In this case study, we look at the American unit of a global manufacturing firm that drives value through high quality products, spanning electrification, automation, and digitization. It wanted to transform its regional IT delivery and institutionalize Agile at scale, but its teams across geographies didn’t have a budget to get a cross-functional team working effectively.

The solution was to modify Agile to suit its specific requirements. In partnership with Infosys, the firm established the product owner consortium model — the concept we have discussed in this paper. In this model, proxy product owners work together across business units to form a common Agile team to achieve desired results. These proxy product owners act as the bridge between business and IT teams to remove any friction in business processes.

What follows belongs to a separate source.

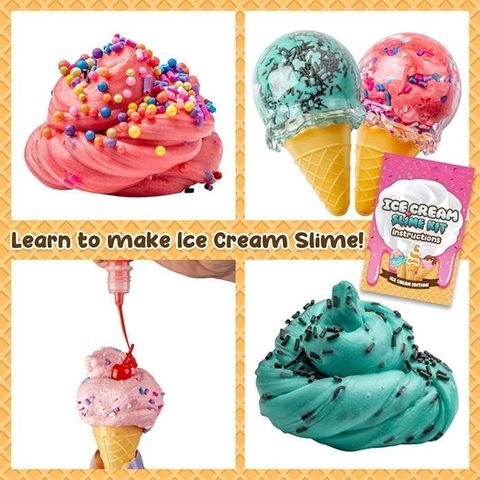Kit Slime Gelato DIY Per Bambini Kit Creazione Slime Con Argilla Morbida E Colla Trasparente Giocattolo Educativo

The journey of developing this model was a steep learning curve for the firm and Infosys, with constant thought given to risks, methodologies, processes, and ultimately business outcomes. However, the end results were encouraging. The company could deliver expected results, irrespective of unit sizes and budget constraints.

Waterfall and its limitations

Before Agile, the manufacturing unit followed a waterfall methodology, where IT development used to follow a shared services approach. Developers worked with business units from the U.S., Canada, Brazil, and Mexico to provide IT development and enhancement services. All requirements were funnelled through a project management office (PMO), and each request was catered to all aligned business units depending on resource availability (Figure 1).

Figure 1. The unit’s traditional IT development flow

The unit’s traditional IT development flow

Execution challenges associated with the waterfall methodology delayed development and lost customer focus. Assets and resources such as new software and human capacity were assigned to multiple projects simultaneously, reducing speed, and productivity.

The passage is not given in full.